Synopsis
Fifteen-year-old Matt Gratton and his two best friends, Coop and Sean, always set themselves a summertime goal. This year’s? To see a real-live naked girl for the first time. But this mission impossible starts to look easy in comparison to Matt’s other challenge: to swim the 100-yard butterfly and impress the gorgeous Kelly West.
![swim_the_fly_uk[1]](http://benfalk.net/wp-content/uploads/2011/12/swim_the_fly_uk1-195x300.jpg)
Ben’s Review
As someone of the male persuasion, it’s always pleasing when a book of the non-action, non-supernatural variety about teen boys plops through the letterbox. Amazingly, despite the success on-screen of The Inbetweeners, Superbad et al., the YA male-skewed comic novel still continues to be a rarity, particularly in this country, where it’s practically non-existent.

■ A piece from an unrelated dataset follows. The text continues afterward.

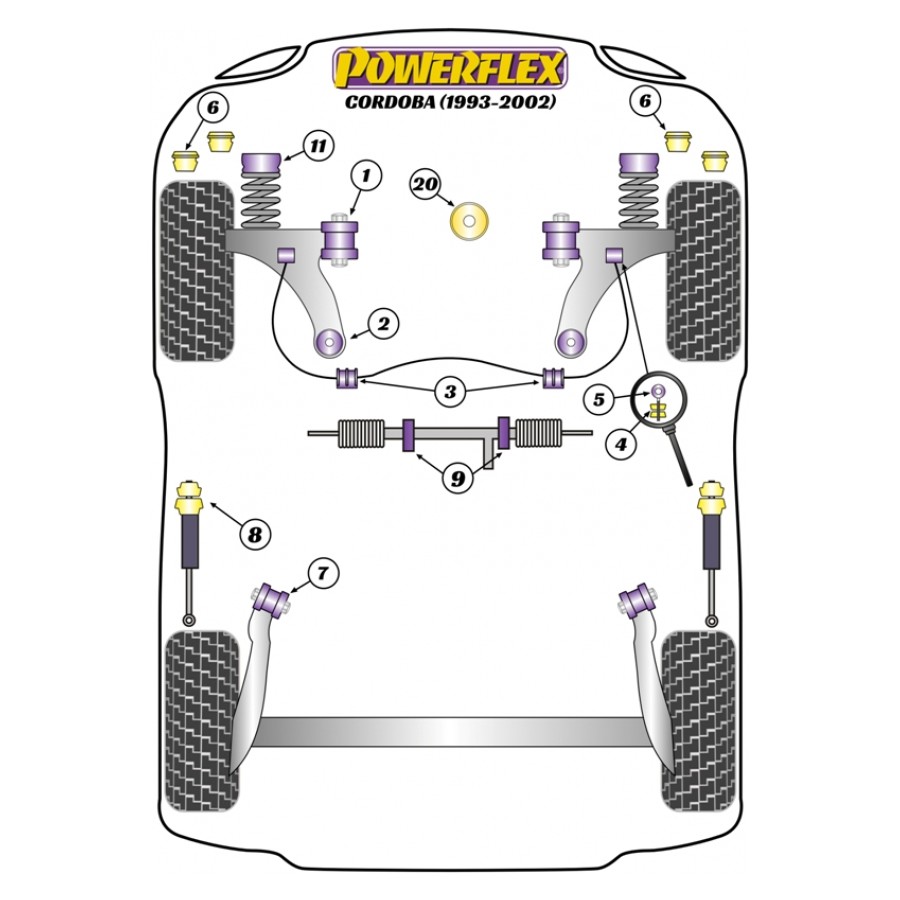 Silent blocs Powerflex Seat Cordoba MK1 6K (1993-2002)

One male YA author told me that his comic boy novels are mostly read by girls anyway, which is probably why publishers aren’t all that keen.
Swim The Fly is by an American author (who lives in Canada) and it’s certainly a valiant stab at sating the appetites of those who wish their male protagonists to be average kids, rather than ones affected by illness, bereavement or vampirism.
The central trio of friends feel real and while the conceit is something we’ve seen a million times before (kid gets good at something to snog the girl of his dreams), there’s a reason it’s a format revisited over and over again. It works dramatically.
Where author Don Calame (a former Hollywood scriptwriter) falls down is in his throwaway handling of Kelly West, the perfect woman protagonist Matt is supposed to be changing his life for. She doesn’t feel real and you never get a sense that a relationship is ever on the cards. She’s immediately cast as a superficial buffoon, which you can get away with in a movie, but not in a 300-plus page novel.
Personally, I didn’t find it all that funny, despite my penchant for toilet humour (of which there is plenty). And there’s a sense Calame is throwing too many ideas at the wall and seeing what sticks, rather than trying to get into the heads of these characters. That’s why the banter works, but the emotions don’t.
Ultimately, that’s the difference between a decent romp, which this is – and something a little more impactful. Still, it’s the author’s first go and it’ll be interesting to see where he heads.